Euglena longa, a close relative of the photosynthetic model alga Euglena gracilis, presents a unique puzzle. While E. longa possesses a non-photosynthetic plastid, its genome retains the rbcL gene, responsible for encoding the large subunit of RuBisCO. This retention raises questions about the enzyme's function in an organism that doesn't perform photosynthesis.

To investigate this, researchers delved into the characteristics of RuBisCO in E. longa, comparing it to its photosynthetic counterparts. Their findings revealed significant differences, particularly in the protein sequence of the large subunit (RBCL), suggesting a potential shift in function due to the loss of photosynthetic activity.

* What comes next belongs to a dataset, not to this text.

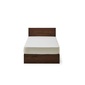 NIPPONAIRE BED FRAME TENSHOの写真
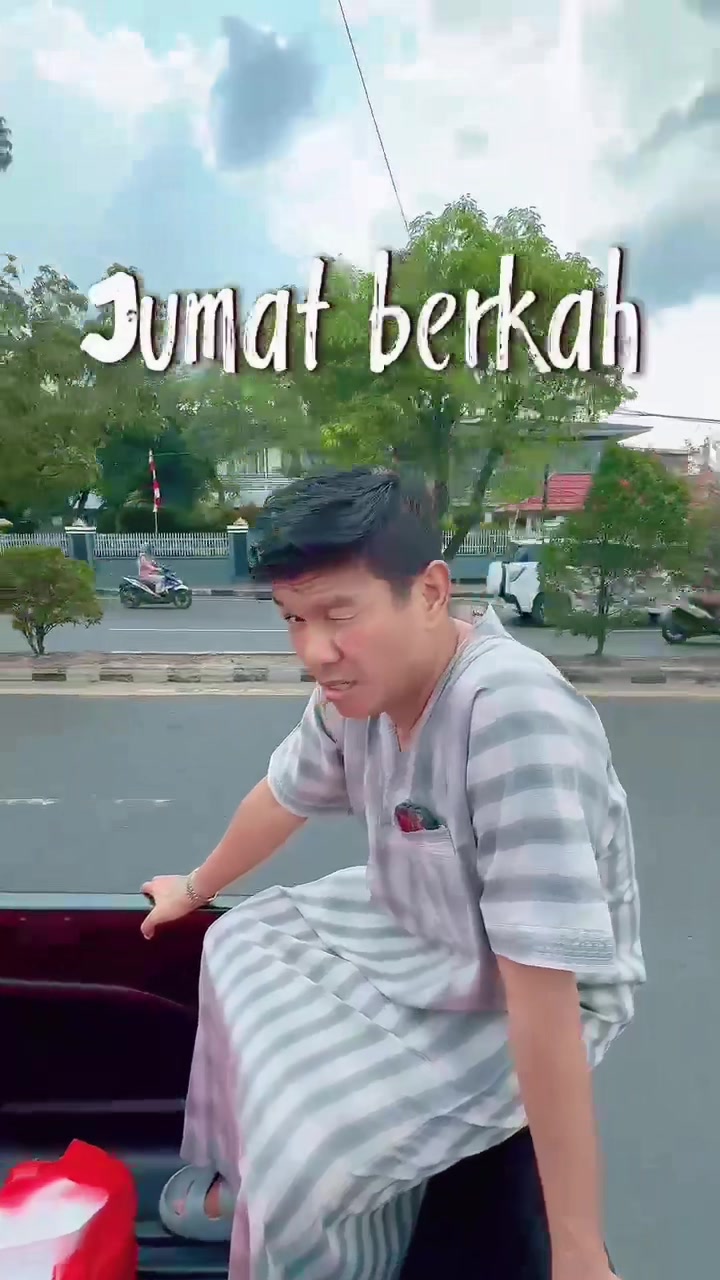 @Babang_Andika Official 🇲🇨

Divergent RBCL Sequence: The RBCL protein in E. longa exhibits substantial differences compared to photosynthetic relatives.
RBCS Polyprotein Structure: Similar to E. gracilis, E. longa encodes the small subunit of RuBisCO (RBCS) as a precursor polyprotein with multiple repeats, one of which is highly divergent.
Low Protein Abundance: Both RBCL and RBCS proteins are produced in E. longa, but their levels are significantly lower than in E. gracilis.
Inefficient Processing: No RBCS monomers were detected in E. longa, suggesting that the precursor polyprotein isn't being processed effectively.
Post-Transcriptional Regulation: The abundance of RBCS is regulated after transcription. Blocking translation quickly degrades the protein in E. longa, unlike in photosynthetically grown E. gracilis.

These results indicate that RuBisCO in E. longa is undergoing evolutionary degradation, potentially becoming non-functional. Its biological role in this species may be unconventional, if it exists at all. The study suggests that E. longa might be in a transitional phase, gradually losing its photosynthetic capabilities and adapting RuBisCO for other purposes.

Unraveling the Mystery

Further research is necessary to fully understand the role of RuBisCO in E. longa. By exploring the potential non-photosynthetic functions of this enzyme, we can gain new insights into the adaptability and evolutionary trajectory of cellular machinery. The study of E. longa provides a window into the complex processes that drive cellular adaptation and innovation.